### Problem to solve
Where the line containing "this 1316×897 image." appears in the records below, begin there and write out each line exactly until the last one, and nothing more.

Free-text object descriptions:
----------------
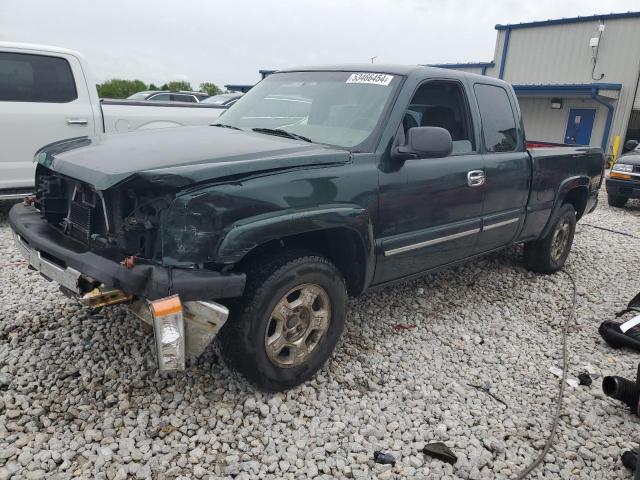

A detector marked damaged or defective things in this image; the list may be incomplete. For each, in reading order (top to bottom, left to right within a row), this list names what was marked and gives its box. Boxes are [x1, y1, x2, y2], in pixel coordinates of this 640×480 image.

bent hood [38, 125, 350, 189]
crumpled front bumper [8, 202, 246, 300]
damaged green pickup truck [10, 64, 604, 390]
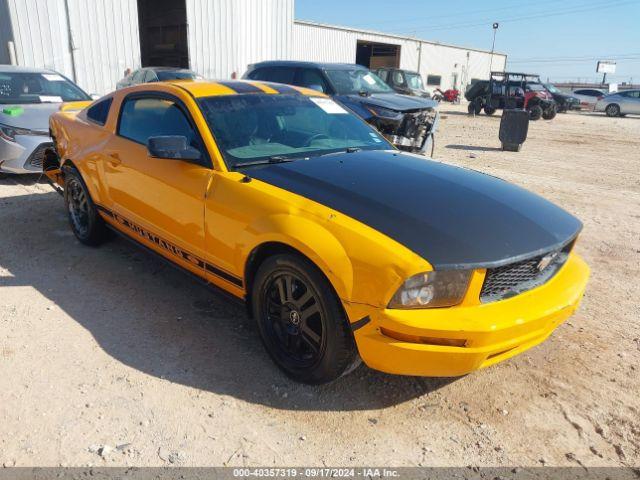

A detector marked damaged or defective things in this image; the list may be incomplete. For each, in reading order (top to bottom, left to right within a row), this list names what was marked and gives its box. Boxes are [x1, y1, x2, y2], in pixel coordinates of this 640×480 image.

damaged vehicle [242, 59, 438, 154]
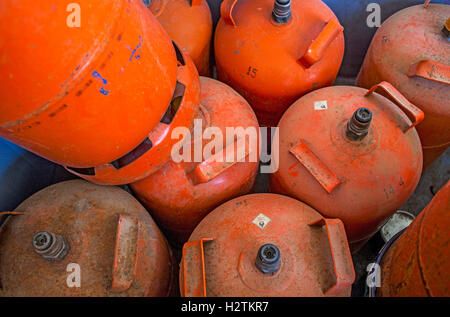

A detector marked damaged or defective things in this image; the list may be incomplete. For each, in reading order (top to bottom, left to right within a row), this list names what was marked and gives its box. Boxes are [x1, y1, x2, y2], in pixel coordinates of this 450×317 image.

rusty gas cylinder [0, 0, 198, 180]
rusty gas cylinder [145, 0, 214, 76]
rusty gas cylinder [213, 0, 342, 126]
rusty gas cylinder [356, 3, 448, 170]
rusty gas cylinder [130, 76, 258, 244]
rusty gas cylinder [270, 82, 426, 252]
rusty gas cylinder [0, 180, 178, 296]
rusty gas cylinder [179, 193, 356, 296]
rusty gas cylinder [378, 180, 448, 296]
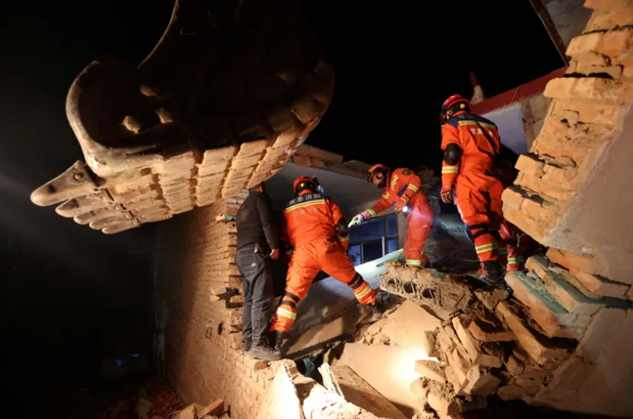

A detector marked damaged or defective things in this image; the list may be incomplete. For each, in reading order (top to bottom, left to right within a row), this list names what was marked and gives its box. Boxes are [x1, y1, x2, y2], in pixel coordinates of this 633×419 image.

broken brick [414, 362, 444, 386]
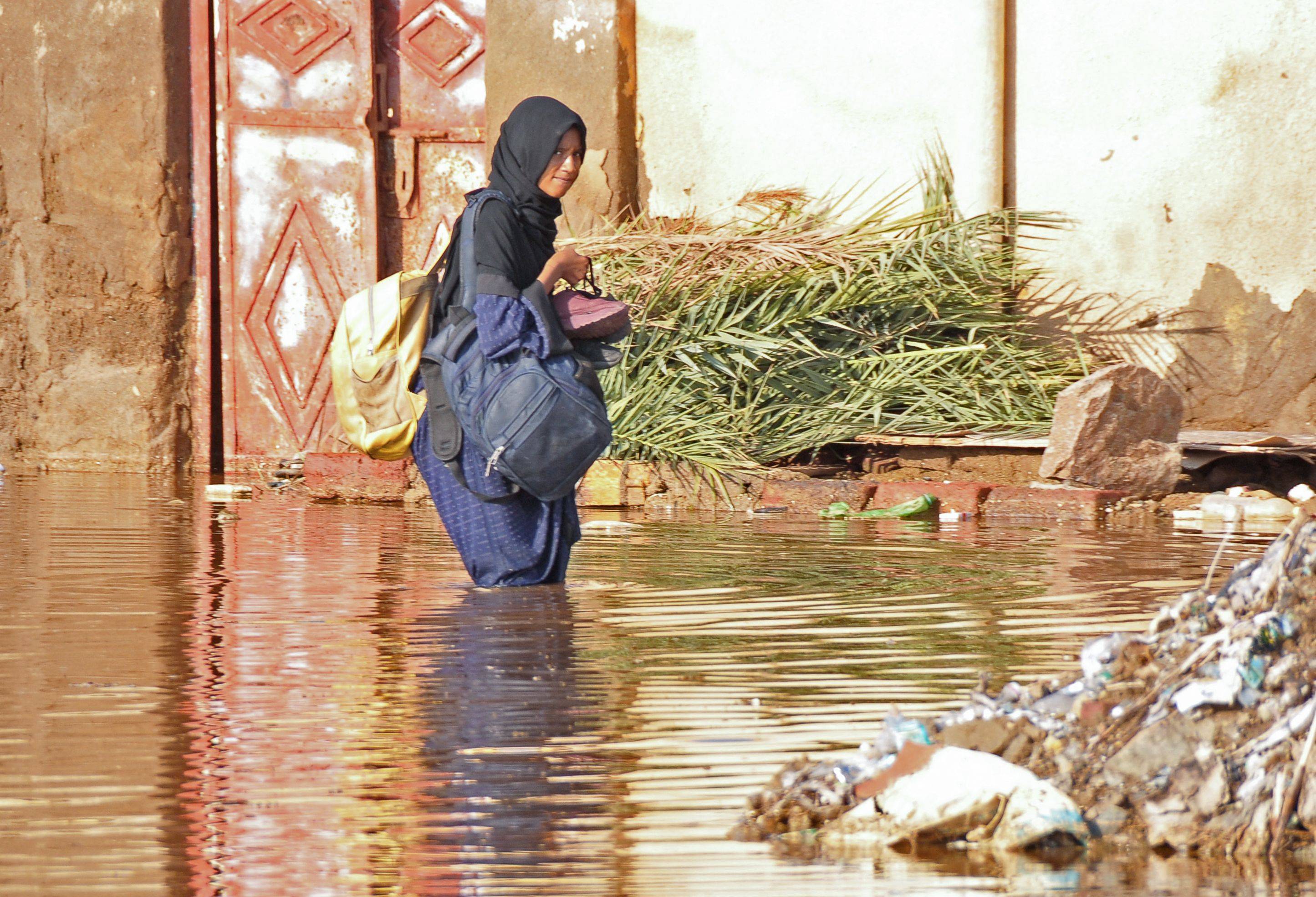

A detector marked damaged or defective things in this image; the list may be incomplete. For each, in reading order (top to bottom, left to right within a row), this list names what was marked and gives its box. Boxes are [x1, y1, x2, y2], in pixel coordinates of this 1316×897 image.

rusty metal door [209, 0, 488, 466]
----------------
### Response to the exercise
A detector marked damaged or defective things in this image; the list may be incomplete. For each, in reading order (top to bottom, left to right within a row), this list names what was marked and gives its box. Boxes are [x1, y1, x2, y2], in pixel coordinates of this 1316×897 image.

rusty metal door [209, 0, 488, 466]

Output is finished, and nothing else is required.